Bere liquidi: bere almeno otto-dieci tazze di liquidi sani ogni giorno. Acqua, bevande zuccherine quali succhi di frutta o frullati. I liquidi aiutano il corpo a prevenire la disidratazione. Limitare la quantità di caffeina nella dieta. La caffeina può provocare un incremento della minzione e conseguentemente aumentare il rischio di disidratazione. La caffeina si trova nel caffè, tè, bevande gasate e in alcune bevande e alimenti per lo sport.
Mal di gola, dolore: Usare pastiglie per la gola o caramelle per calmare il mal di gola. Mangiare ghiaccioli o bere frullati di frutta congelata può aiutare ad alleviare il dolore alla gola.
Stitichezza: se si soffre di stitichezza, camminare è il modo migliore per mantenere l'intestino in movimento. Mangiare cibi ricchi di fibre per rendere più facile il percorso del cibo nell'intestino: cereali di fibre, legumi, verdura e pane integrale sono ottimi rimedi.
Riprendere la scuola o il lavoro: dovreste essere in grado di tornare a scuola o al lavoro, entro due settimane dall'insorgenza della mononucleosi. Non rientrare fino a quando la febbre non sia passata e ci si sente meglio.
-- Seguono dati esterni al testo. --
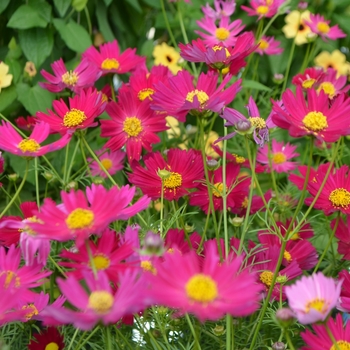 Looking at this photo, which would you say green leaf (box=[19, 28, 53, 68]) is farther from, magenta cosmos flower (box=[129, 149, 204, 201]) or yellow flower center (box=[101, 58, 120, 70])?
magenta cosmos flower (box=[129, 149, 204, 201])

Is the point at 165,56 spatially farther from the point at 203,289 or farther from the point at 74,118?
the point at 203,289

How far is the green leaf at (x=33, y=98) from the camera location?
48.8 inches

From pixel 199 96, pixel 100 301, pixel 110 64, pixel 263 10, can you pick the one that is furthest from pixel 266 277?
pixel 263 10

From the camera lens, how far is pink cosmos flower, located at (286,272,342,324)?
50 centimetres

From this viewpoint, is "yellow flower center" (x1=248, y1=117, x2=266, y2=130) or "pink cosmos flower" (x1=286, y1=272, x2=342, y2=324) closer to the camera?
"pink cosmos flower" (x1=286, y1=272, x2=342, y2=324)

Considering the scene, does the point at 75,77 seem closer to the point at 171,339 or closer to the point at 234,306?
the point at 171,339

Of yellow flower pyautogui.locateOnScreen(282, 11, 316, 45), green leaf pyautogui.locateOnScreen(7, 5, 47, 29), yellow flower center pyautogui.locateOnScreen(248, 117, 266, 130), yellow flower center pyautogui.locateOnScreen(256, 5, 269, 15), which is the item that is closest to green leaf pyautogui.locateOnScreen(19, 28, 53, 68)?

Non fare attività pesanti o sport di contatto: evitare di fare queste cose per almeno tre o quattro settimane dopo aver percepito i sintomi della mononucleosi. Non cominciare a fare queste o qualsiasi altra attività pesante fino a quando il medico non lo permetta. Se si ha un gonfiore fuori dal normale della milza a causa della mononucleosi, facendo queste attività è possibile arrivare a causare la rottura della milza con conseguente sanguinamento. Se si è un atleta, meglio rivolgersi al medico per sottoporsi a visita medica e test particolari utili a capire se è possibile riprendere l'attività sportiva.
Il consulto del proprio medico è sempre l'azione migliore che si possa fare per evitare errori di valutazione e compromettere il decorso di una malattia semplice.